12. The fixing device according to claim 11, further comprising a recess including another slope being contiguous to the bottom face, the recess constructed of the slope, the bottom face, and said another slope.

13. The fixing device according to claim 10, further comprising a pressed member interposed between the presser and the first rotator, the pressed member including the pressed portion, the pressed member configured to transmit pressure from the presser to the first rotator.

14. The fixing device according to claim 13, wherein the pressed member includes a bearing configured to bear the first rotator.

15. The fixing device according to claim 13, further comprising a bearing configured to bear the first rotator,

wherein the pressed member includes a bearing holder configured to hold the bearing.

16. The fixing device according to claim 15, further comprising a shaft about which the bearing holder is configured to pivot,

wherein the bearing holder includes an engaging hole configured to engage the bearing.

17. The fixing device according to claim 13,

wherein the pressure portion includes a plane extending in an extending direction perpendicular to the axial direction of the first rotator,

wherein the retracted portion includes a slope being contiguous to the plane,

wherein the presser further includes a bottom face being contiguous to the slope and extending substantially parallel to a longitudinal direction of the presser,

wherein the slope is configured to define an acute angle with respect to the extending direction of the plane, and

wherein a curvature of a hypothetical circle abutting on the slope and the bottom face is smaller than a curvature of the pressed portion of the pressed member.

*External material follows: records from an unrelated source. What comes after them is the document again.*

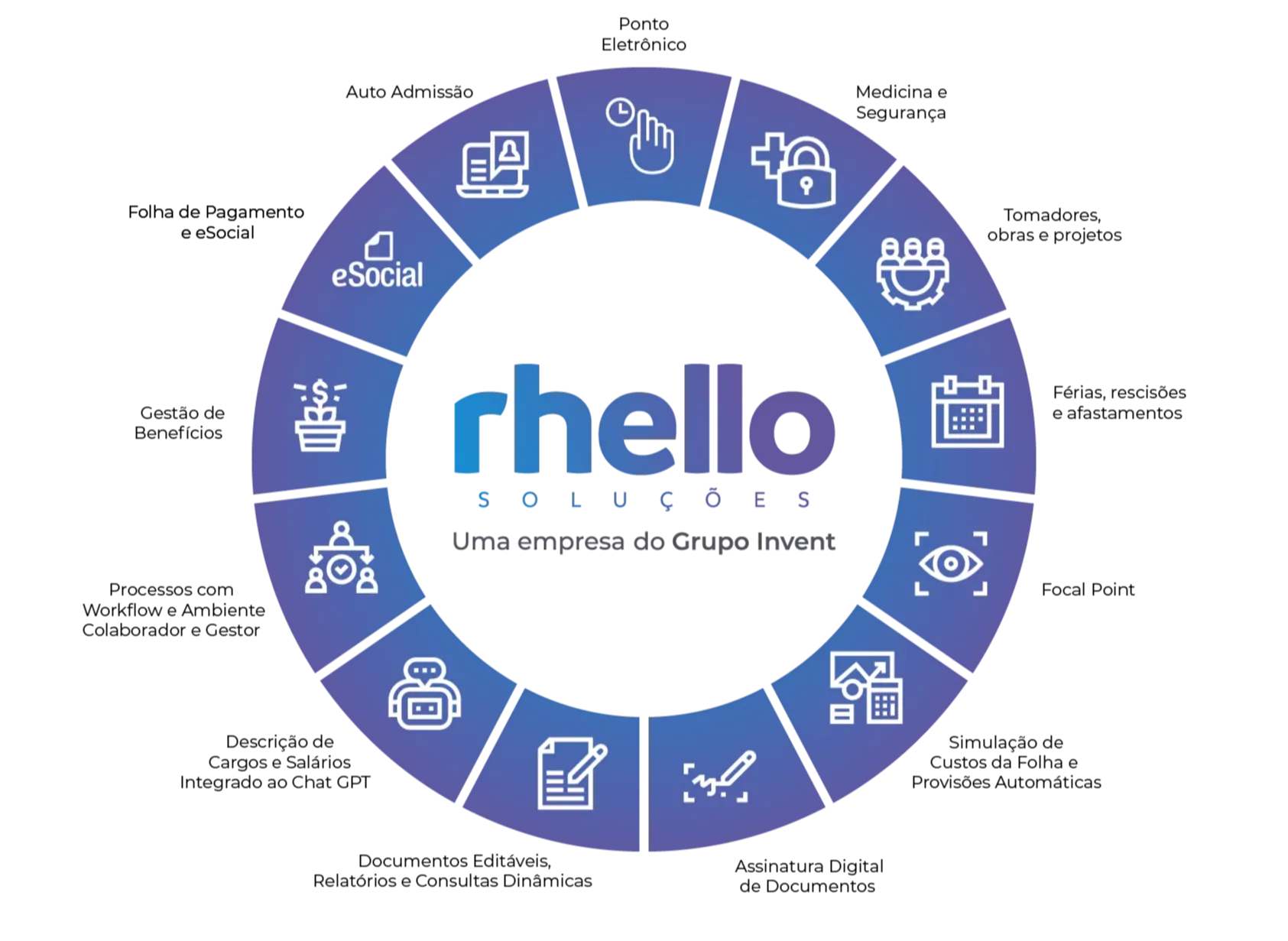 Rhello - Folha de pagamento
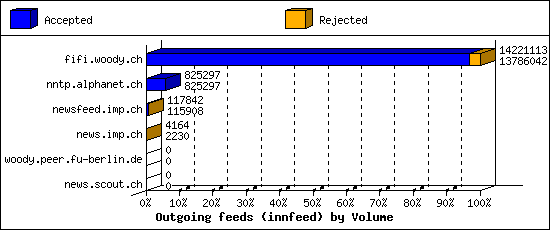 Outgoing feeds (innfeed) by Volume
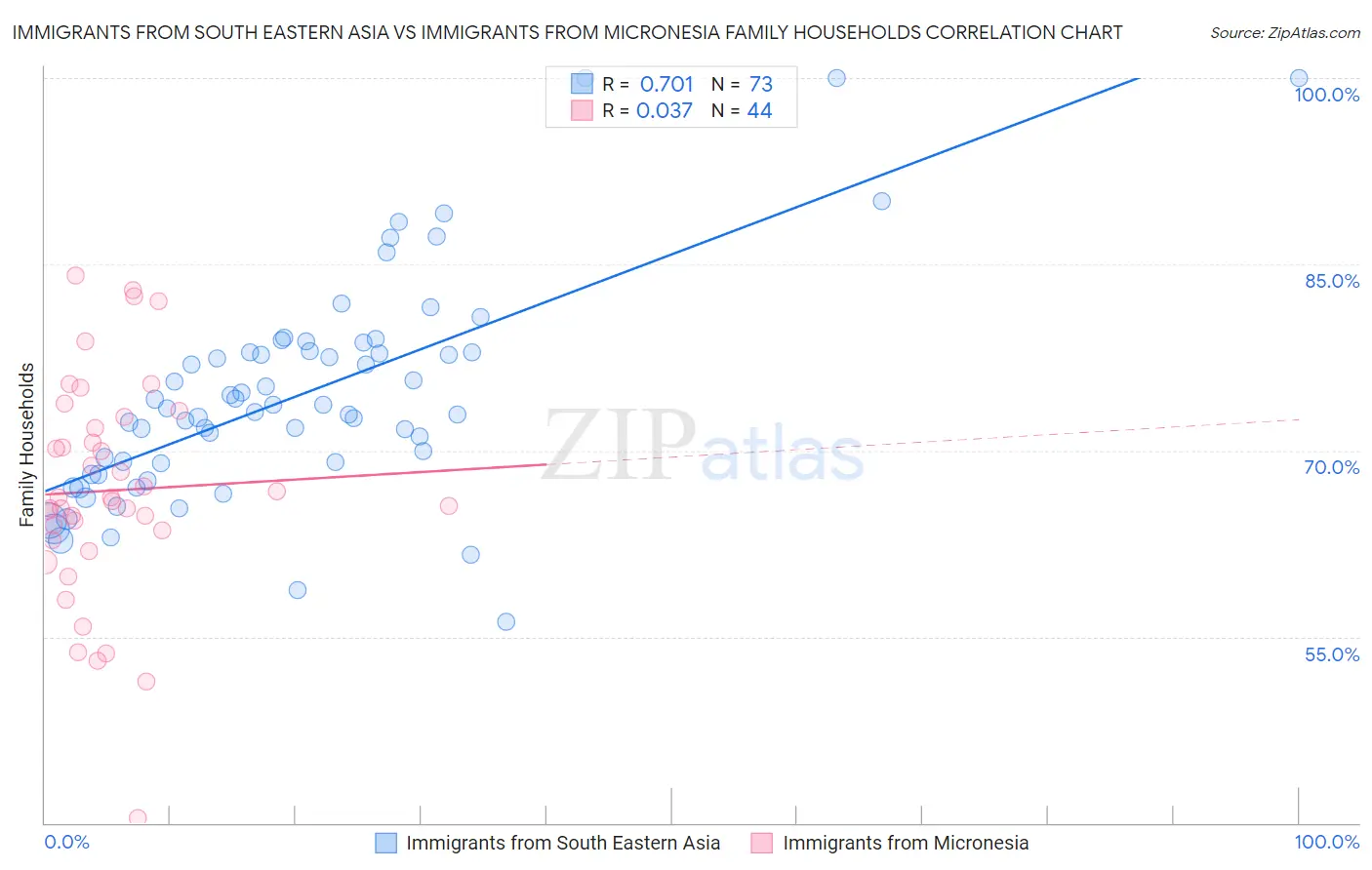 Immigrants from South Eastern Asia vs Immigrants from Micronesia Family Households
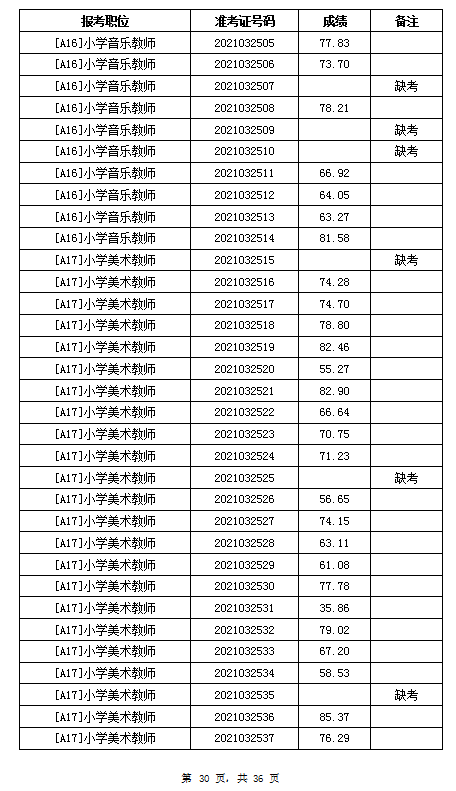 2021年岳陽汨羅市教育系統(tǒng)招聘教師筆試成績公示(圖30)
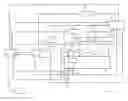 Fig. 01 - Engine out coolant temperature correction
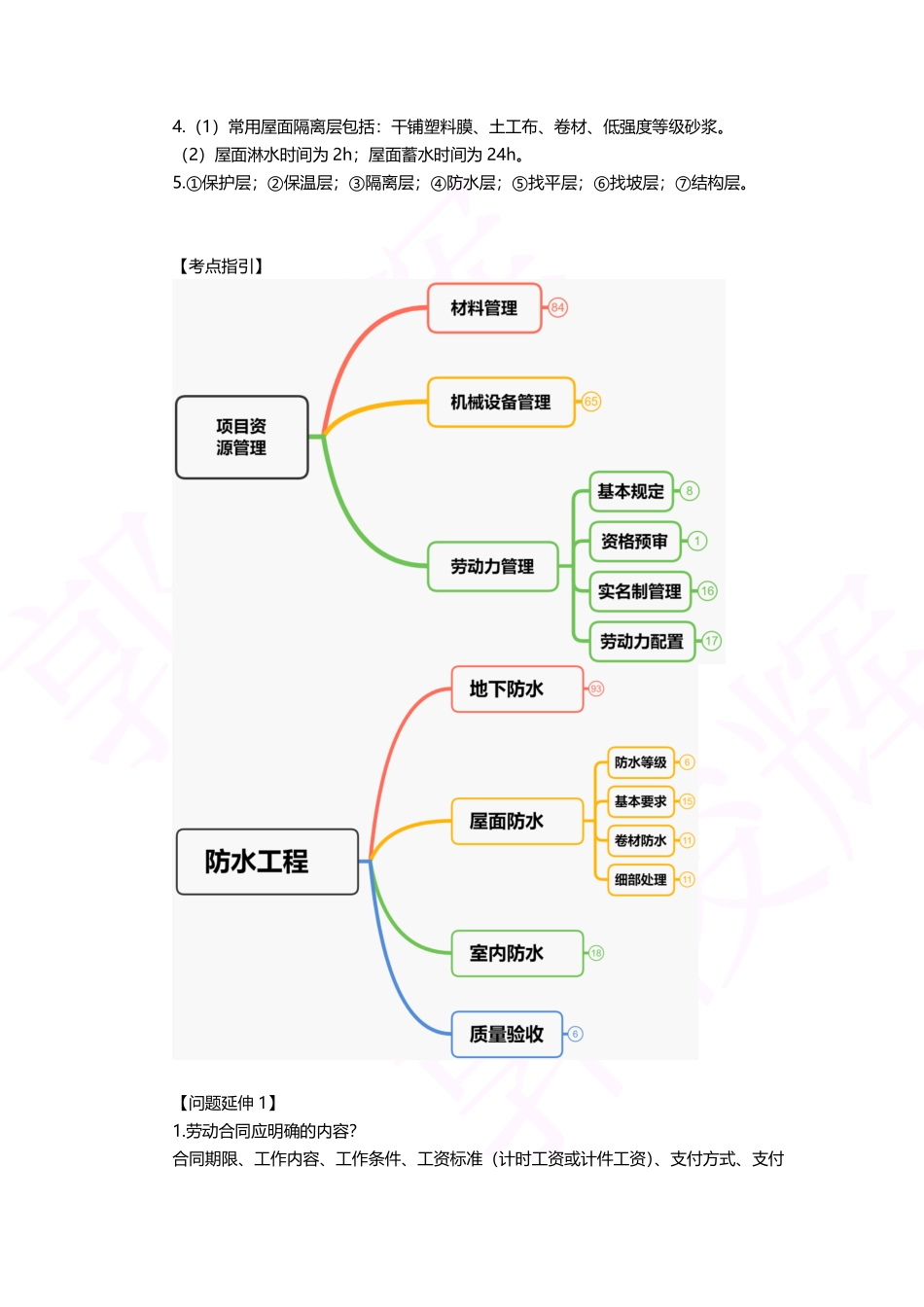 母题专训（06）技术模块5.pdf_第2页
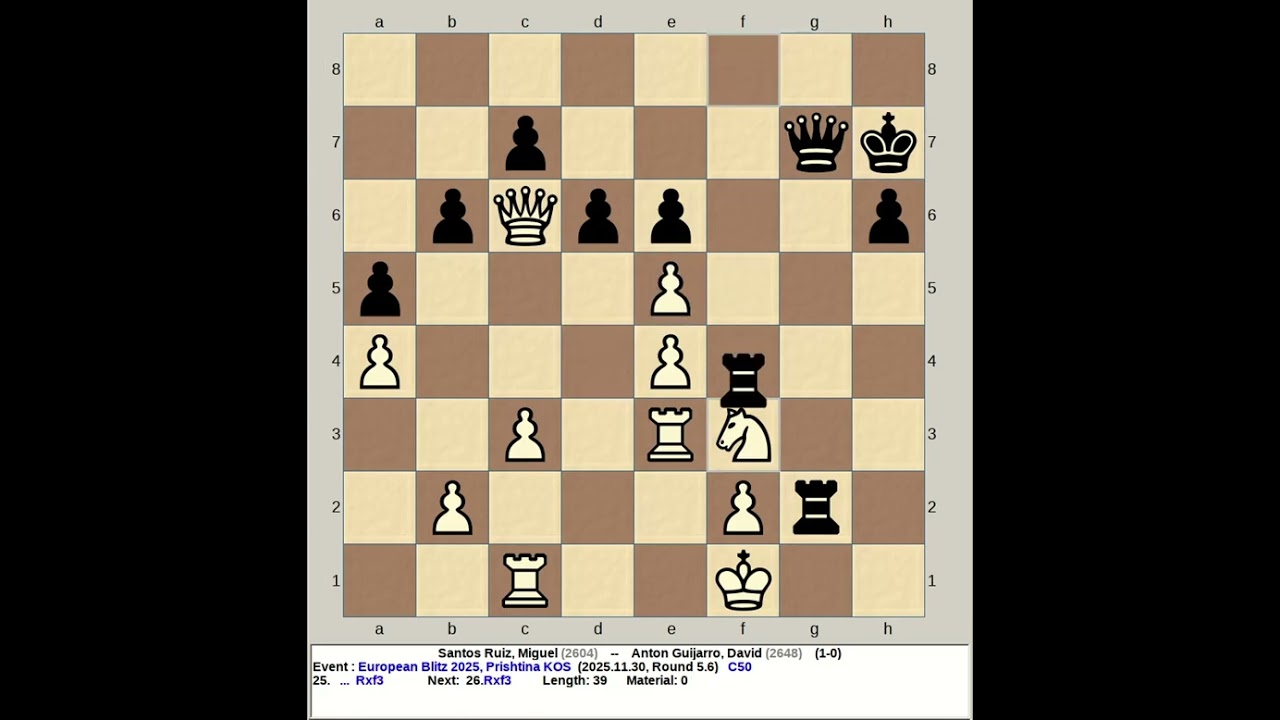 Santos Ruiz, Miguel vs Anton Guijarro, David | European Blitz Chess 2025, Prishtina Kosovo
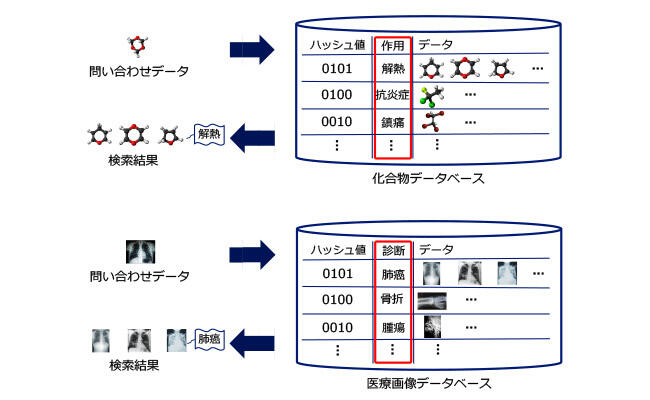 図2：アンカーグラフハッシングの応用例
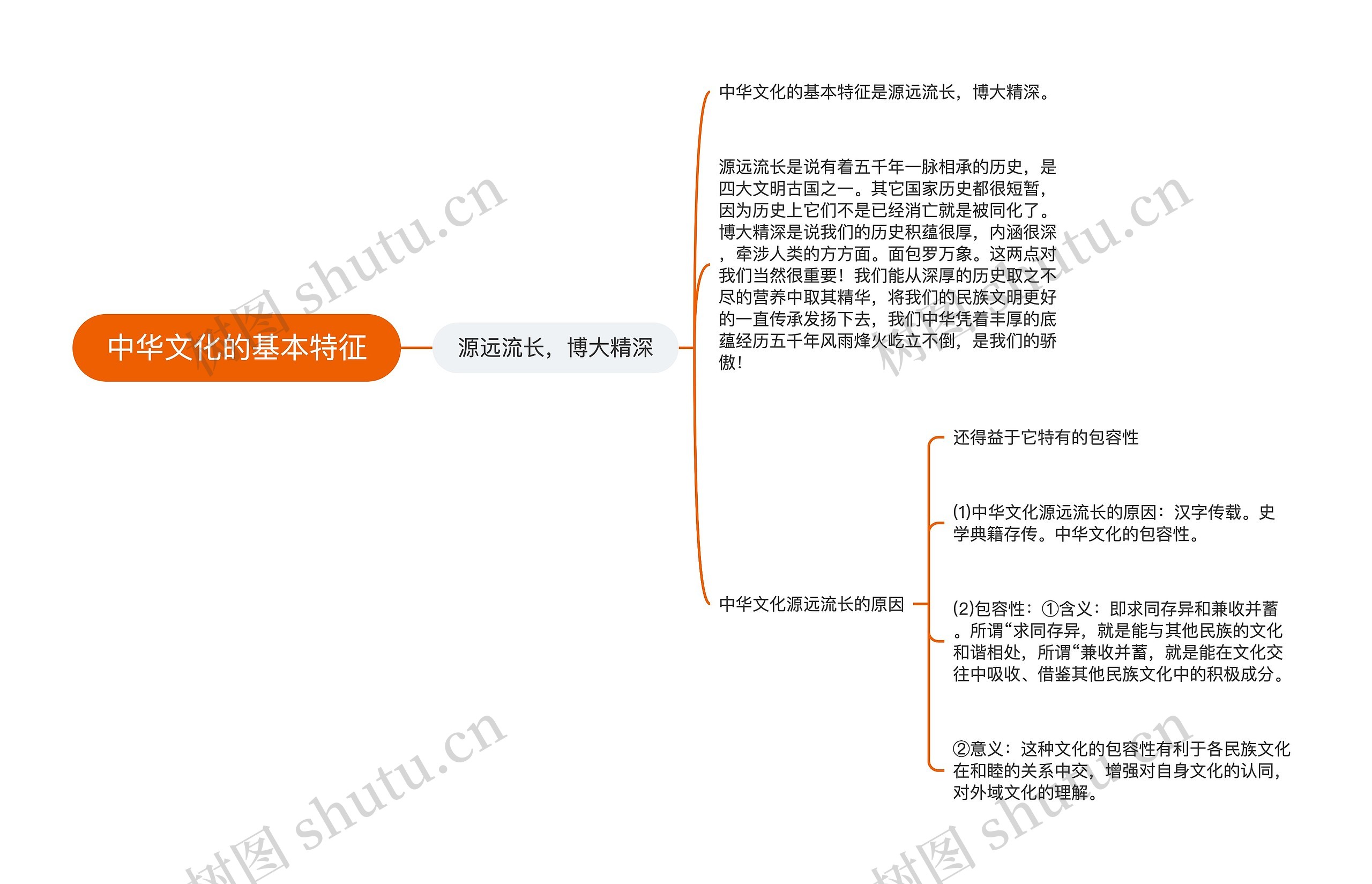 中华文化的基本特征思维导图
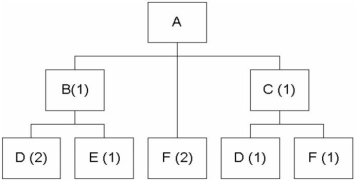 Consider the following product structure. If the demand for product A is 40 units, and there are 10 units of B on hand and none of C, how many units of part D will be needed?
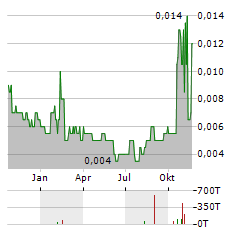 KAIROS MINERALS Aktie Chart 1 Jahr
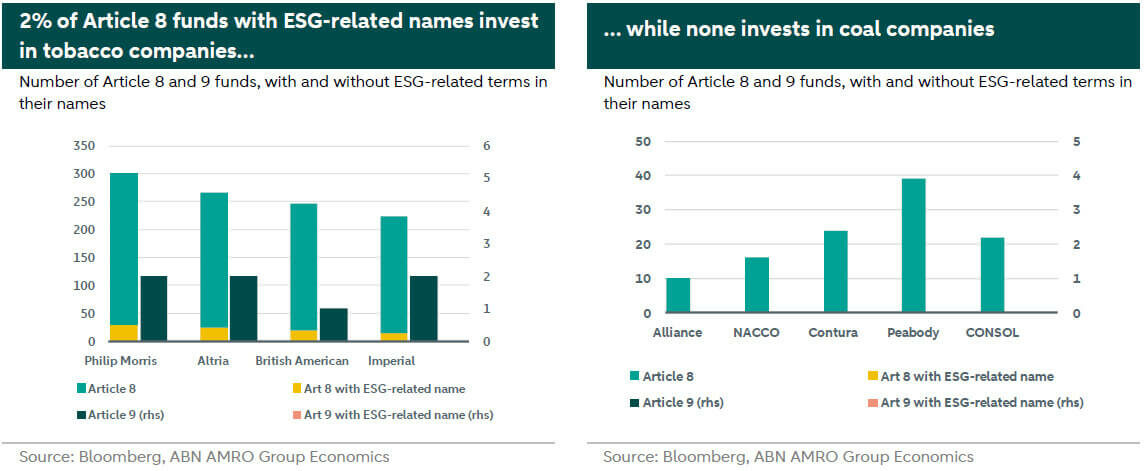chart exclusions 2 opt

18. An image forming apparatus, comprising:

an image bearer configured to bear an image; and

a fixing device configured to fix the image on a recording medium,

the fixing device including: a first rotator; a second rotator configured to be pressed by the first rotator to form a fixing nip between the first rotator and the second rotator; and a presser configured to press the first rotator against the second rotator, the presser configured to switch between a pressurization state in which the presser presses the first rotator against the second rotator and a depressurization state in which the presser releases the pressurization state, the presser comprising: a pressure portion configured to press the first rotator in the pressurization state; a retracted portion figured to retract from the pressure portion in a retracting direction in which the retracted portion retracts from the first rotator, the retracted portion configured to press the first rotator in the depressurization state; and a shaft disposed at an outer side of the rotator in a longitudinal direction of the rotator, the presser being configured to pivot about the shaft,

wherein the retracted portion is interposed between the pressure portion and the shaft.